Britain expects to start rolling out the Pfizer COVID-19 vaccine just before Christmas if it is declared safe and effective, health minister Matt Hancock said this morning (16 November).
“We’re working very closely with the company,” he told the BBC. “We’ll be ready to roll it out as soon as it comes, we’ll be ready from the first of December… but more likely is that we may be able to start rolling it out before Christmas.”
Asked how many vaccines Britain would need, he said it depended on how effective they were at preventing transmission.
The news comes on the same day that the UK government announced two new ‘mega labs’ will open in early 2021 to try to double the UK’s daily coronavirus testing capacity.
The sites – at Leamington Spa in the Midlands and another at an unconfirmed site in Scotland – will increase testing capacity by 600,000.
According to the latest data, current capacity is around 519,000 – although the number of tests actually processed is lower.
Testing is considered a key way to control the epidemic, but the government’s system has experienced setbacks during the pandemic and has been widely criticised.
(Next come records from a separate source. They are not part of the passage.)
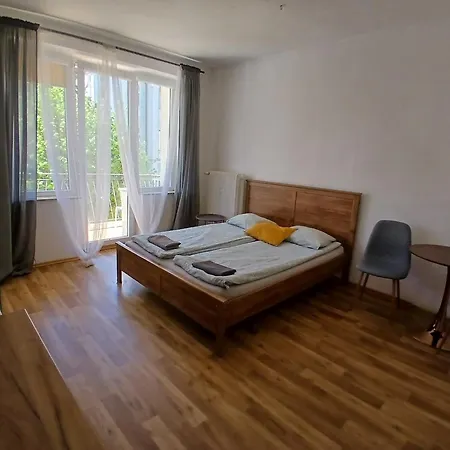 Pokoje z balkonami City Sopot, 300m do Molo *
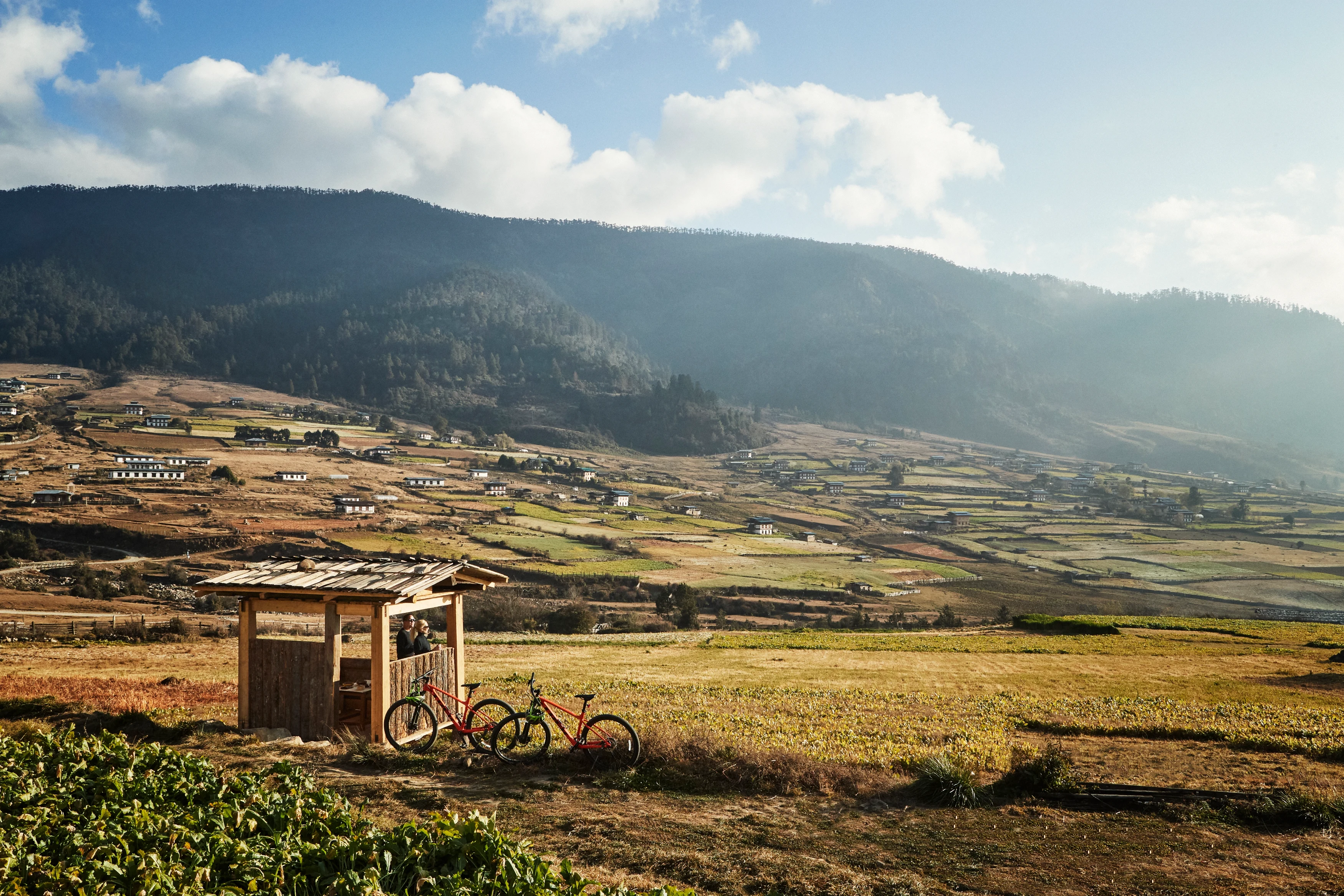 BT-Six Senses - Pass met Bicycle.webp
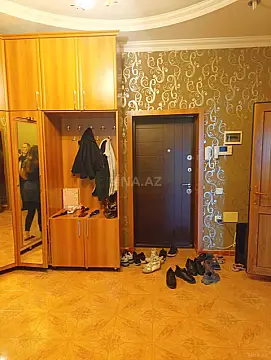 Satılır 2 otaqlı mənzil 86 m²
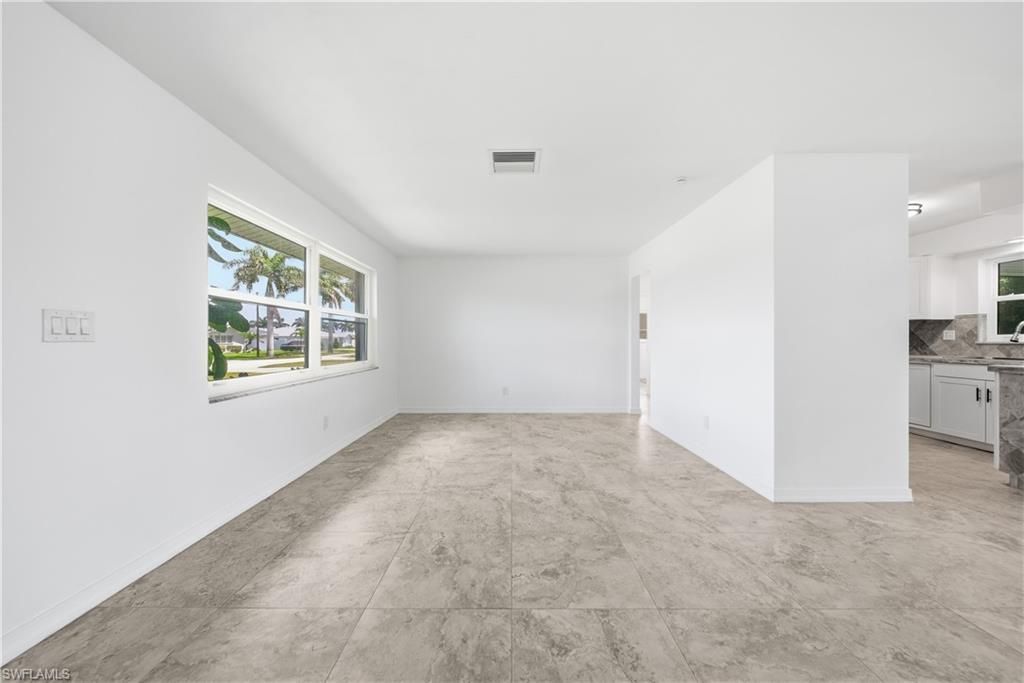 3106 SE 18th Pl, Cape Coral, FL 33904 Photo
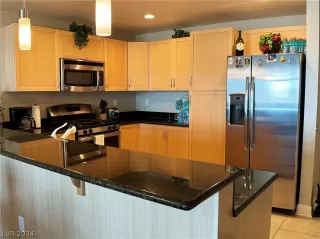 Photo #1: 2599876 Listing 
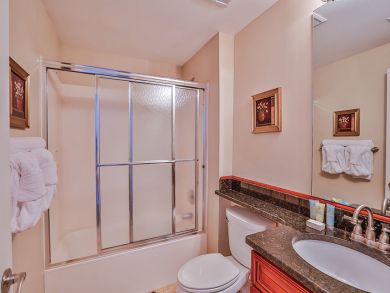 Three Bedroom Sleeps Eight Guests a Great Rental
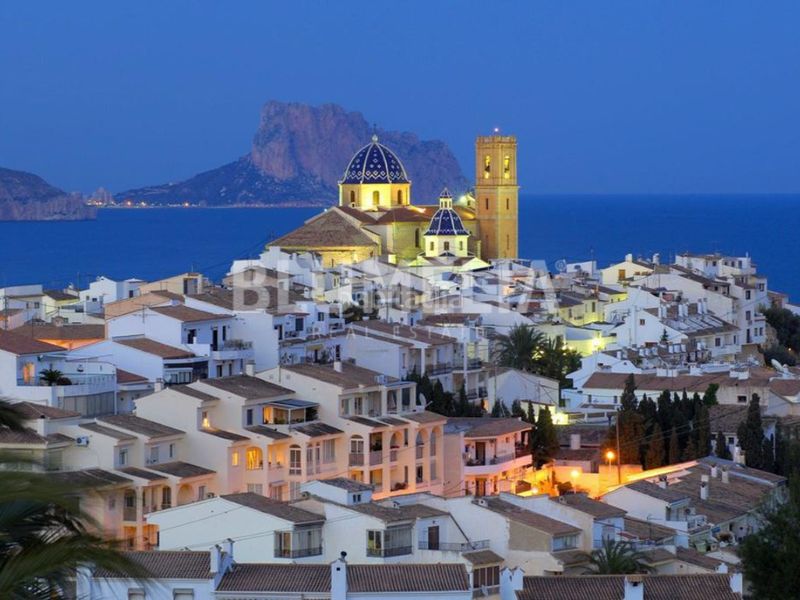 Foto b3e57acf-a9ae-45ce-ba32-1bf17931baea. Casa amb calefacció aparcament piscina a Altea hills Altea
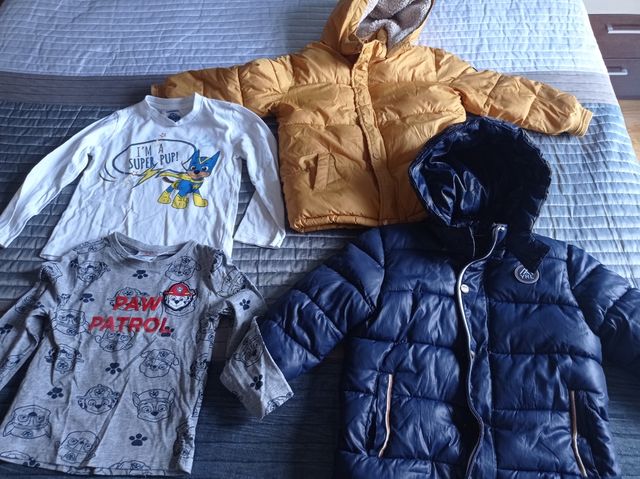 Abrigos y camisetas niño 3-4 años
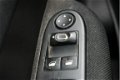 Peugeot 307 Break - 1.6 HDI XS Euro 4 airco, radio cd speler, cruise control, trekhaak - 1 - Thumbnail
For example, the British Medical Association has previously rounded on the government for the lack of access to test sites:
“An effective test and trace system is crucial in managing our response and reducing case numbers, and if people cannot get tested then there is no way of identifying local outbreaks and minimising community spread.”
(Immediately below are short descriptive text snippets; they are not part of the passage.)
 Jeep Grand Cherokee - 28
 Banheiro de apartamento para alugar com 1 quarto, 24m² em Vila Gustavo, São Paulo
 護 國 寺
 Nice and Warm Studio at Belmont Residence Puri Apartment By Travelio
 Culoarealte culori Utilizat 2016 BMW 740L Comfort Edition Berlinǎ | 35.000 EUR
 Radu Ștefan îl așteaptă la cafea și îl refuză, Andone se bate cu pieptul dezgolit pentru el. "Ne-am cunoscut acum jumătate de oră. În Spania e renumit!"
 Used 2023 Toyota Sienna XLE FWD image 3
In recent weeks, however, the government has started to pilot mass testing, including those with no symptoms, using a new type of rapid swab tests which do not need to be sent to a laboratory.
However, the bulk of the UK’s testing still uses the standard swab test that need to be analysed in a lab.
Announcing the two new “mega labs”, the government said they will use technology to speed up the process – for example through automation and robotics.
“This means more tests will be processed more quickly and at a lower cost, and therefore faster turnaround times for test results,” the Department of Health said.
The sites will create up to 4,000 jobs, with the labs also being used to process tests for other illnesses including cancer, cardiovascular and metabolic diseases.
They would each add 300,000 to the UK’s daily testing capacity, defined as how many tests can be processed in the lab each day – when operating at maximum.